Vector Processing Internals
Pipeline
The vector pipeline converts knowledge resources into embeddings for
semantic search. Guide's SearchContent tool queries
these embeddings at runtime.
data/resources/*.json ──> TEI (BAAI/bge-small-en-v1.5) ──> data/vectors/index.jsonl
│
services/vector (gRPC)
│
Guide SearchContent
Two separate concerns use TEI:
| Concern | When | Who calls TEI |
|---|---|---|
| Batch indexing | fit-process-vectors |
CLI → embedding service (gRPC) → TEI |
| Query embedding | Runtime search | vector service → embedding service (gRPC) → TEI |
Both go through the embedding service
(SERVICE_EMBEDDING_URL), which proxies to TEI
internally. Authentication is handled by the gRPC framework.
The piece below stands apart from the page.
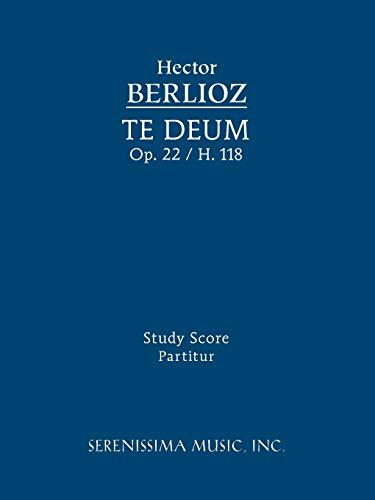 Te Deum, Op.22 (H 118): Study Score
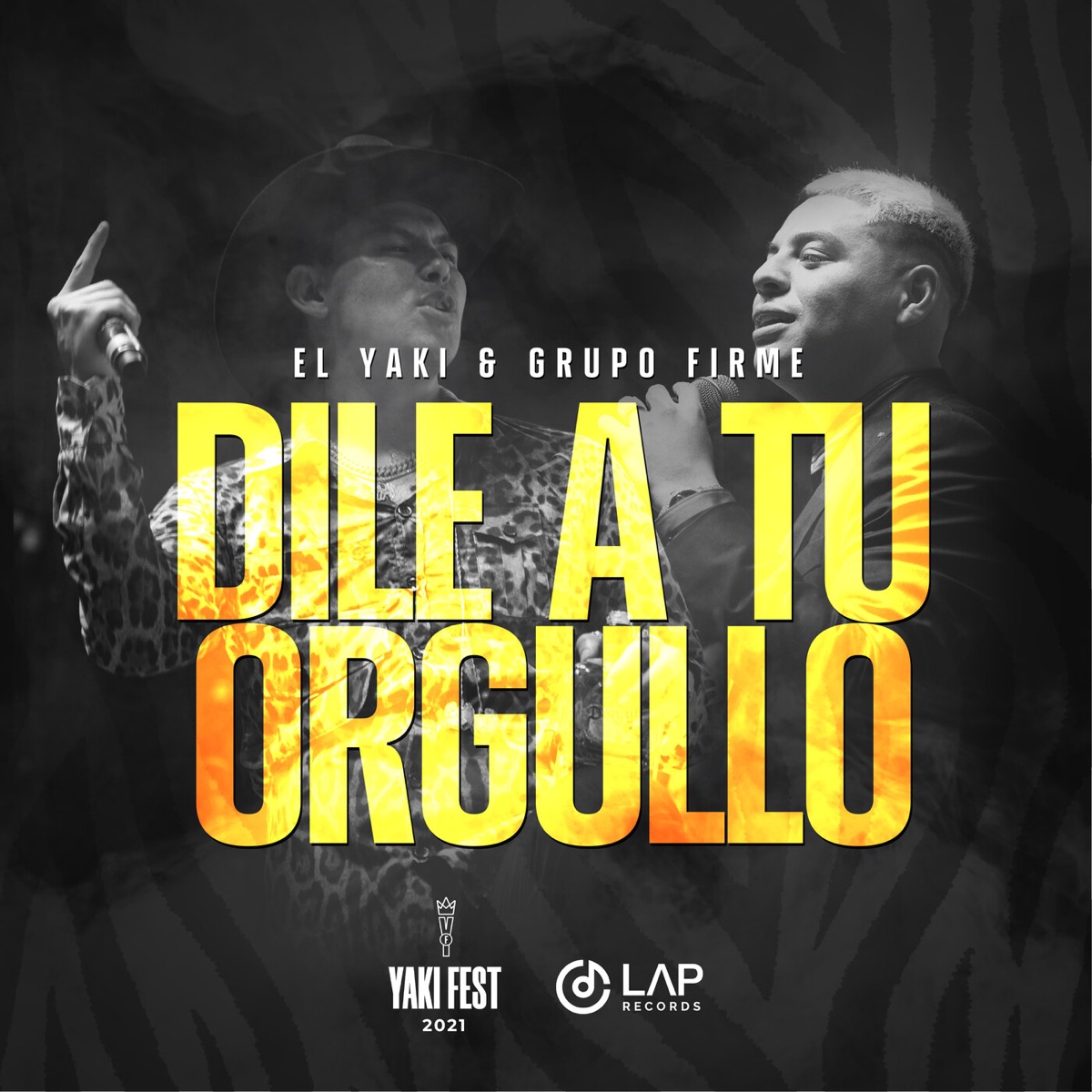 Dile a Tu Orgullo (En Vivo) - Single by Luis Alfonso Partida El Yaki & Grupo Firme album cover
TEI (Text Embeddings Inference)
TEI is a Rust binary from HuggingFace that serves embedding models over HTTP. It must be running before batch processing or query-time search will work.
Installation
Install once via Cargo:
just tei-install
Or manually:
cargo install --git https://github.com/huggingface/text-embeddings-inference \
--features candle text-embeddings-router
The first startup downloads the
BAAI/bge-small-en-v1.5 model (~130 MB) to
~/.cache/huggingface/.
Running Under fit-rc
The embedding service wraps TEI — it starts a gRPC server and spawns
text-embeddings-router as a managed child process. Add
the service entry to config/config.json under
init.services:
{
"name": "embedding",
"command": "node services/embedding/server.js",
"optional": true
}
Then start it with fit-rc:
just tei-start # or: bunx fit-rc start embedding
bunx fit-rc status embedding # Check status
bunx fit-rc stop embedding # Stop
Because the service is marked optional, fit-rc skips it
with a warning if text-embeddings-router is not
installed.
The gRPC server listens on
SERVICE_EMBEDDING_URL (default
grpc://localhost:3015). TEI runs on an internal backend
port (default 8090, configurable via
SERVICE_EMBEDDING_BACKEND_PORT).
Docker
docker-compose.yml defines a tei container
using the HuggingFace CPU image. It listens on port 8080 inside the
Docker network (tei.local:8080), accessible only to
other containers. This is intended for containerized deployments,
not local development.
Health Check
curl http://localhost:8090/health
Returns 200 when TEI is ready to serve requests.
Batch Processing
Resources must exist before vectors can be generated. The full processing chain is:
just process # export-standard → process-resources → process-graphs → process-vectors
To process only vectors (when resources already exist):
just process-vectors
# or directly:
bunx fit-process-vectors
Without TEI, use just process-fast to skip the vector
step.
Processing Steps
-
Load all resource identifiers from
data/resources/. -
Filter out conversations (
common.Conversation.*) and tool functions (tool.ToolFunction.*). - Skip resources already present in the vector index (incremental).
-
Batch remaining resources and POST to TEI
/v1/embeddings. -
Write each embedding to
data/vectors/index.jsonl.
Index Format
Each line in data/vectors/index.jsonl is a
self-contained JSON record:
{
"id": "common.Message.a4663ad1",
"identifier": {
"type": "common.Message",
"name": "a4663ad1",
"parent": "",
"subjects": ["https://example.com/id/person/alice"],
"tokens": 120
},
"vector": [-0.048, -0.039, ...]
}
- Dimensions: 384 (bge-small-en-v1.5)
- Normalization: Pre-normalized, so cosine similarity reduces to dot product
-
Search:
VectorIndex.queryItems()computes dot products with SIMD-style loop unrolling, filters by prefix and token budget, returns ranked identifiers
Components
| Component | Location | Role |
|---|---|---|
VectorProcessor |
libraries/libvector/src/processor/ |
Batch embedding pipeline (extends ProcessorBase)
|
VectorIndex |
libraries/libvector/src/index/ |
JSONL-backed index with dot-product search |
fit-process-vectors |
libraries/libvector/bin/ |
CLI for batch processing |
fit-search |
libraries/libvector/bin/ |
CLI for ad-hoc similarity search |
| vector service | services/vector/ |
gRPC service that loads the index and serves queries |
Troubleshooting
TEI not reachable — Check
curl http://localhost:8090/health. Verify the embedding
service is running (bunx fit-rc status embedding).
No resources to process — Run
just process-resources first. The vector processor
reads from data/resources/.
Empty vector index — Resources with empty or null
content are skipped. Verify data/resources/ contains
files with non-empty content fields.
Model download stalls — The first TEI startup
downloads the model from HuggingFace. Check network access and
~/.cache/huggingface/ for partial downloads.